E ÀS 18.40, À SEGUNDA TENTATIVA, LULA ENTREGOU-SE
Foi o último dia de liberdade. Teve o povo e o clero ao seu lado, disse ter um sonho e emocionou-se. Pelas 18.40 entregou-se à polícia
A luta de Lula não se resumiu aos discursos. Os advogados voltaram a entrar com um habeas corpus, no Supremo Tribunal Federal, entretanto recusado. A guerra jurídica está perdida. A política e a campanha eleitoral, Lula e o PT têm esperança de que ainda não
“Eu vou”, disse Lula da Silva, às 16.42 de ontem no palanque instalado em frente ao Sindicato dos Metalúrgicos do ABC, em São Bernardo do Campo. E às 18.40 (22.40 em Lisboa), mais de 20 horas depois do horário sugerido pelo juiz da Operação Lava-Jato Sérgio Moro, o antigo presidente do Brasil, agora com 72 anos, saiu pelo próprio pé da sede do sindicato, atravessou uma viela e entrou num carro da Polícia Federal que o esperava, entregando-se assim às autoridades. Duas horas antes Lula da Silva anunciara aos seus apoiantes, em clima de comoção, que estava preparado para começar a cumprir os 12 anos e um mês de prisão por corrupção e lavagem de dinheiro pela posse do apartamento triplex no Guarujá. Teve de romper um bloqueio criado pelos próprios militantes para conseguir sair no carro da polícia rumo à esquadra do Aeroporto de Congonhas e daí, de avião, para a cela em Curitiba.
Uma tarde que seria de tristeza, com a despedida de Lula e a missa em memória da sua falecida mulher como panos de fundo, tornou-se, à brasileira, uma festa, com direito a set list escolhida pelo antigo presidente: Asa Branca e O Que É, O Que É, de Gonzaguinha, Apesar de Você, de Chico Buarque, e o samba Deixa a Vida Me Levar, de Zeca Pagodinho, que fez até políticos e manifestantes rebolarem no palanque e no chão.
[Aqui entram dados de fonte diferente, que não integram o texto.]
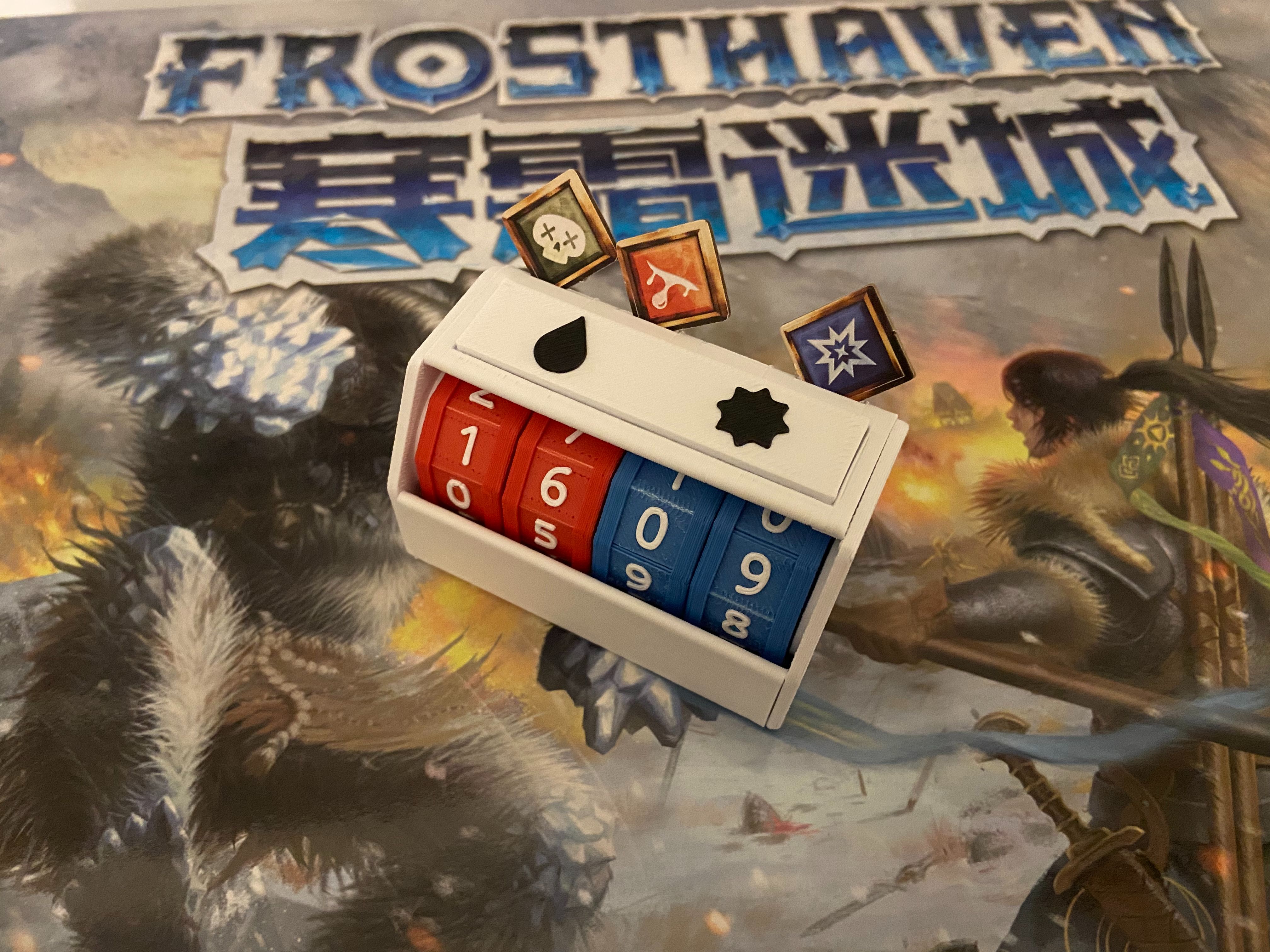 寒霜港灣/幽港迷城/雄獅蠻顎血量經驗值計數器（新品限時優惠中）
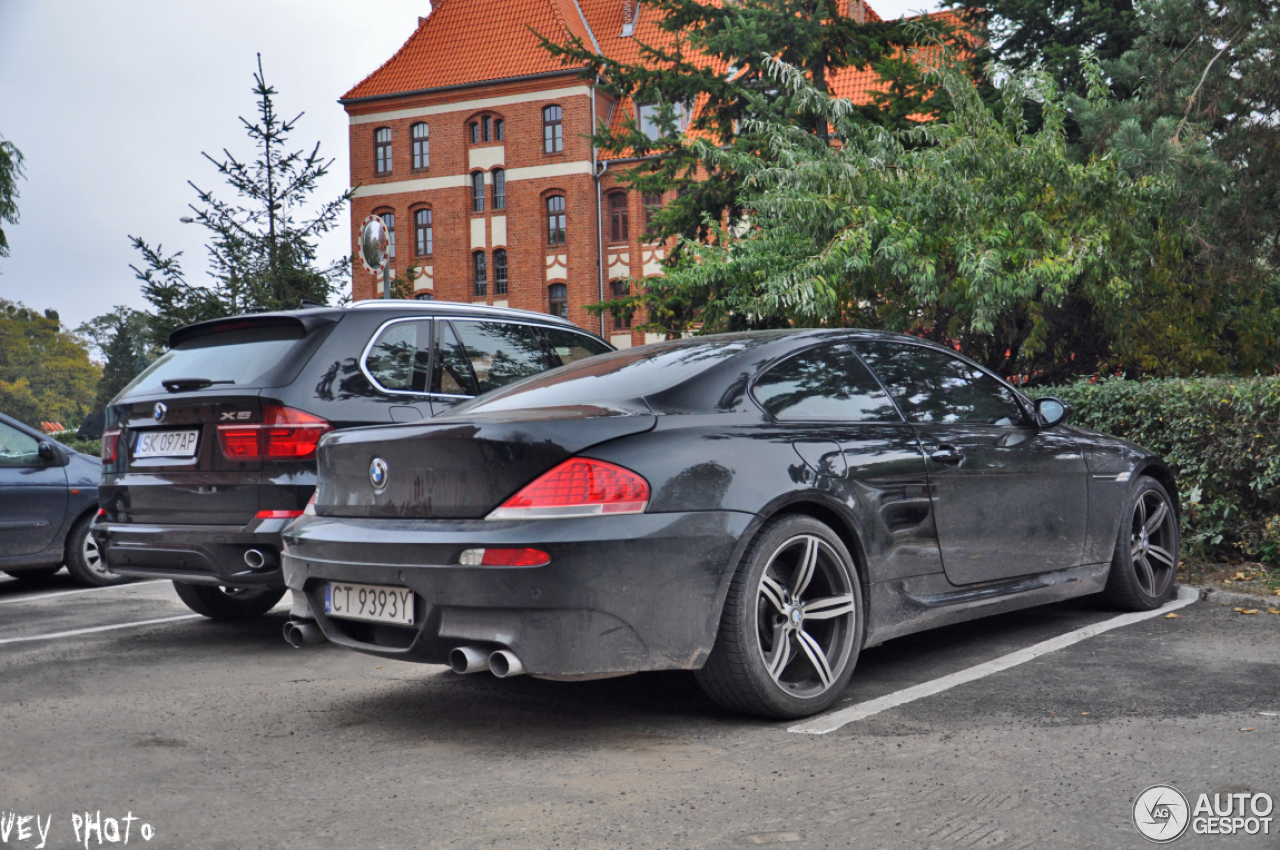 BMW M6 E63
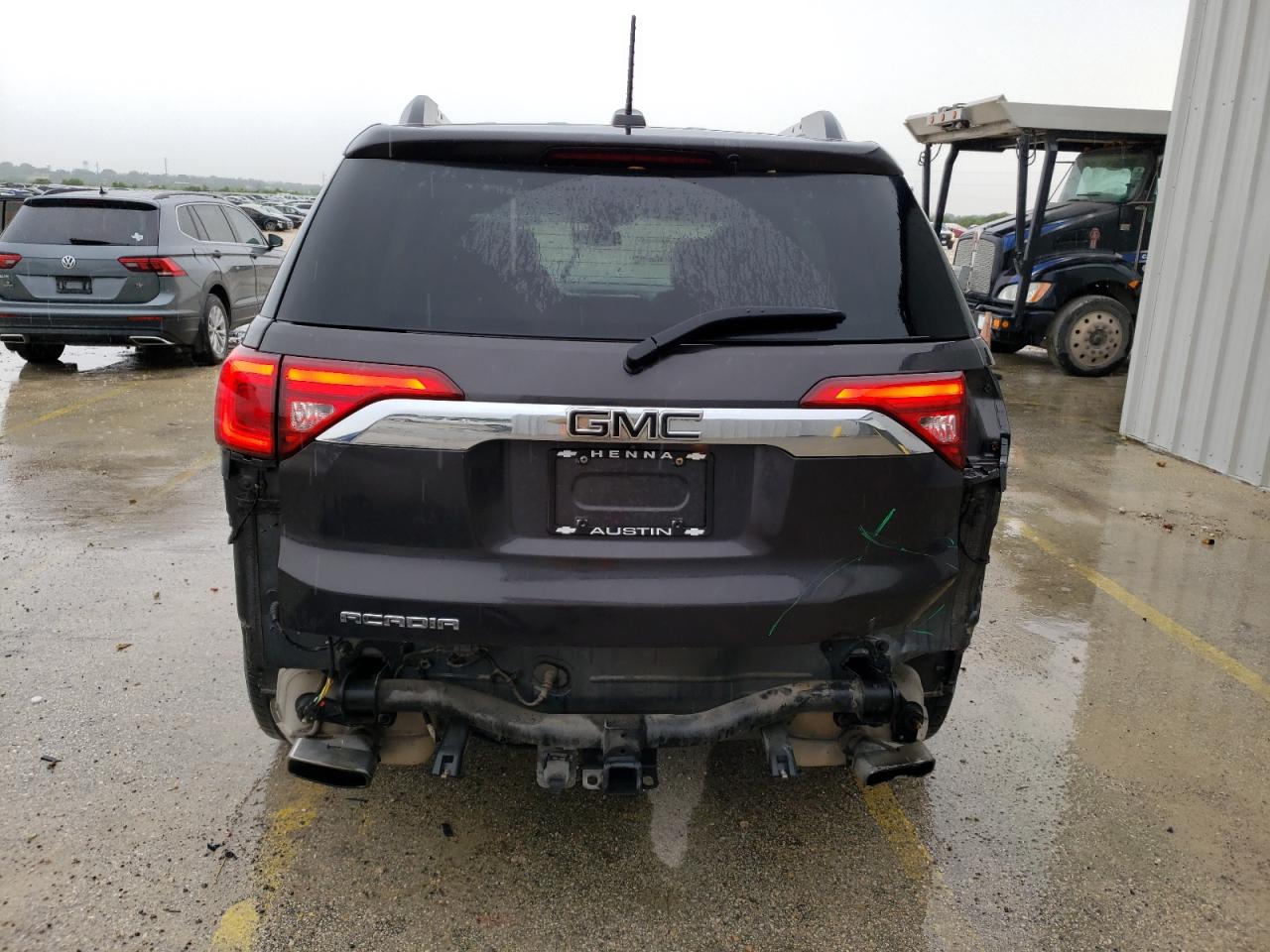 1GKKNPLSXHZ207412 2017 GMC Acadia Denali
Maria Gadú, Tulipa Ruiz e outros músicos tocaram ainda Maria, Maria, de Milton Nascimento, um pedido de Dilma Rousseff, e Porto Solidão, de Jessé, a música preferida de Marisa Letícia, mulher de Lula falecida em fevereiro de 2017 que ontem completaria 68 anos.
“É golpe”, disse um dos padres que celebraram a missa por Dona Marisa, enquanto outros brincavam e riam, cúmplices, com Lula – por tradição, ao contrário do que se passa noutros países, a Conferência Nacional dos Bispos do Brasil, autoridade da Igreja Católica, é considerada próxima da esquerda por causa da luta comum durante a ditadura militar.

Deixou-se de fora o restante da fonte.